Assuming that $s _t$ is sampled from the environment, it is affected by the attention policy, and the SOFTMAX layer of attention Network G gives the category distribution with parameters (categorical distribution). Then, in the policy gradient method, the update of the policy parameter can be expressed as:

Where $R _t$ is the loss of future discounts. To estimate this value, another network $G _t = Linear (h_t) $ is introduced. The network is trained on the network through the _t$ of expectations $Y. The final update of the Attention network parameter is done in the following manner:

where $G _t-y_t$ is the advantage function estimation.

  

The author provides the source code:Https://github.com/5vision/DARQN

  

Experimental Section :

  

  Summary :

  

Paper notes: Deep Attention recurrent q-network

Contact Us

The content source of this page is from Internet, which doesn't represent Alibaba Cloud's opinion; products and services mentioned on that page don't have any relationship with Alibaba Cloud. If the content of the page makes you feel confusing, please write us an email, we will handle the problem within 5 days after receiving your email.
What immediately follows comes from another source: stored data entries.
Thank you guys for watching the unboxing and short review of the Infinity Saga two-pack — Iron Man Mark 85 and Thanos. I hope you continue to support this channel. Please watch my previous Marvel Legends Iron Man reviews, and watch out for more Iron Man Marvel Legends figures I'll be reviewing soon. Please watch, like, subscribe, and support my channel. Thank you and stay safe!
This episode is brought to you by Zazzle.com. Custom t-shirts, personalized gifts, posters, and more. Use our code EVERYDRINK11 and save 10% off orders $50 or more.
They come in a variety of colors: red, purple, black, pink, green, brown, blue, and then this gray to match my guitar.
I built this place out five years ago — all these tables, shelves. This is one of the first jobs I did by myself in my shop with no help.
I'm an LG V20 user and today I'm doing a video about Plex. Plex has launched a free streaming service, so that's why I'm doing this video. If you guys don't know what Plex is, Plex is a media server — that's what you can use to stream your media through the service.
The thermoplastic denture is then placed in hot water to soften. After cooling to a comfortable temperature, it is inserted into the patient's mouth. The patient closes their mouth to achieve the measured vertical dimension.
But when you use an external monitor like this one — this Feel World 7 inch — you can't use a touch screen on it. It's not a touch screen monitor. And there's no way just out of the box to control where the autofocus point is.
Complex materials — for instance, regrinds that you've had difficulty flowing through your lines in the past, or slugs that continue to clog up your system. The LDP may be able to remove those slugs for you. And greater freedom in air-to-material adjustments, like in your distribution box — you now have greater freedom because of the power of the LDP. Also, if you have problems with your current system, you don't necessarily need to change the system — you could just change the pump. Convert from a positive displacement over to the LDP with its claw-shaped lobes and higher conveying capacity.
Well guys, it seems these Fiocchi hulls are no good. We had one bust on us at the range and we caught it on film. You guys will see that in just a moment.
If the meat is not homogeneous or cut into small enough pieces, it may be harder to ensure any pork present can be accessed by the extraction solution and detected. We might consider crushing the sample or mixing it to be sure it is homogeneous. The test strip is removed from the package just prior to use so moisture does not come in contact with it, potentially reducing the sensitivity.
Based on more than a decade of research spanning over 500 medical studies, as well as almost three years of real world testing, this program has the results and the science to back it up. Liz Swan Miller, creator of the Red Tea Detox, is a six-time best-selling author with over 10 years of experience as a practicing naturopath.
If you find any instances of plagiarism from the community, please send an email to: info-contact@alibabacloud.com and provide relevant evidence. A staff member will contact you within 5 working days.

A Free Trial That Lets You Build Big!

Start building with 50+ products and up to 12 months usage for Elastic Compute Service

  • Sales Support

    1 on 1 presale consultation

  • After-Sales Support

    24/7 Technical Support 6 Free Tickets per Quarter Faster Response

  • Alibaba Cloud offers highly flexible support services tailored to meet your exact needs.